Vom Ergebnis gehen anschließend der Solidaritätszuschlag (nur oberhalb der Freigrenze), die Kirchensteuer (8 Prozent in Bayern und Baden-Württemberg, sonst 9 Prozent) und Ihr voller PKV-Beitrag ab. Übrig bleibt Ihr Netto.
Warum die PKV für Beamte fast immer günstiger ist
Ihr Dienstherr beteiligt sich nicht über einen Arbeitgeberzuschuss, sondern über die Beihilfe: Sie erstattet – je nach Familienstand und Bundesland – meist 50 bis 80 Prozent der Krankheitskosten.
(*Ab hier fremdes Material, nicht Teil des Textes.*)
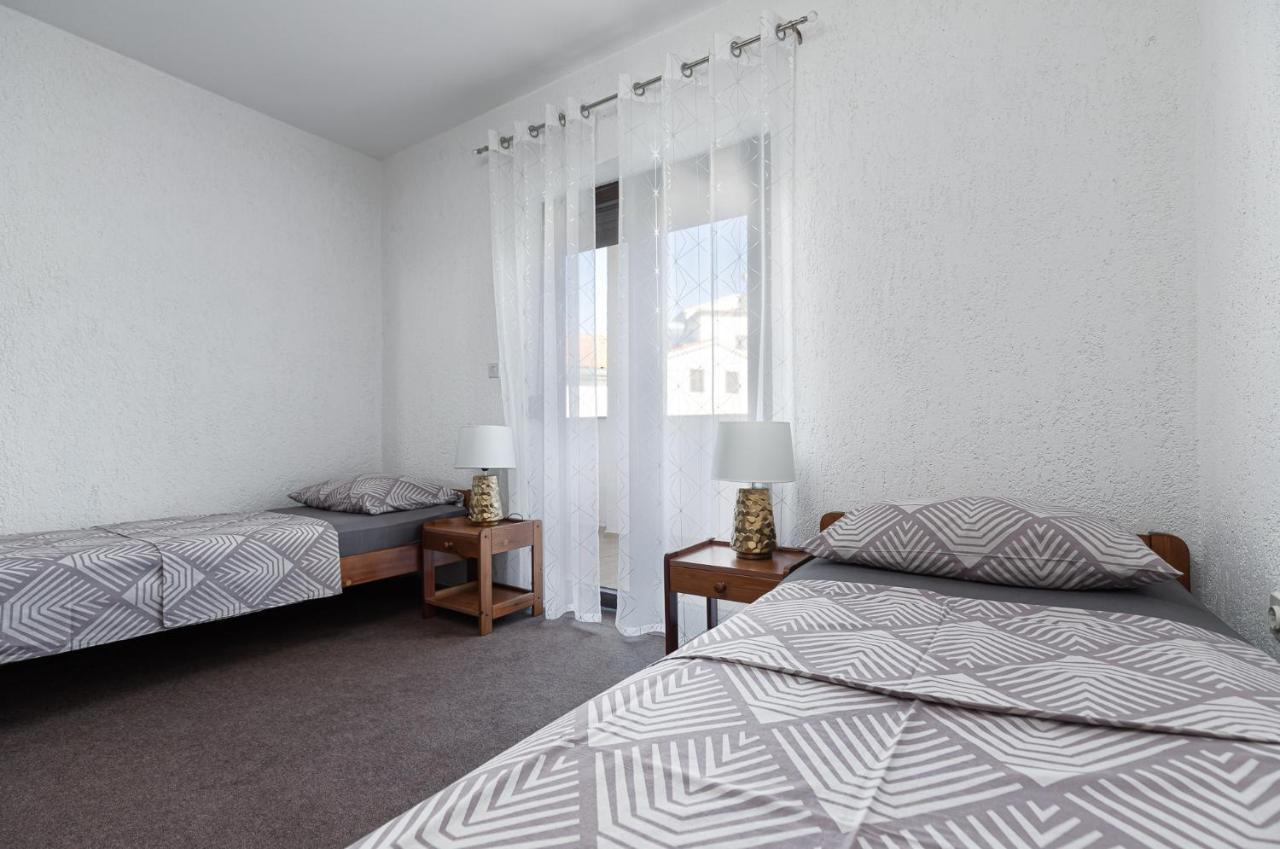 Apartamento Dvi Ulike Labinci Exterior foto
Ihr PKV-Tarif muss nur die verbleibende Lücke absichern und kostet entsprechend weniger. Beamtenanwärter erhalten besonders günstige Ausbildungskonditionen; eine Gesundheitsprüfung gehört allerdings zur Aufnahme, und über die Alterungsrückstellung wird der Beitrag im Alter stabilisiert. Deshalb lohnt der Tarifvergleich vor allem am Anfang der Laufbahn.
Berechnungsgrundlage und Datenstand
Besoldung
- Tabelle: Bundesbesoldung, Besoldungsordnung A, ab 01.05.2026 – nach dem Entwurf des Gesetzes zur Anpassung der Bundesbesoldung und -versorgung 2025/2026 (Übertragung des Tarifabschlusses vom 06.04.2025)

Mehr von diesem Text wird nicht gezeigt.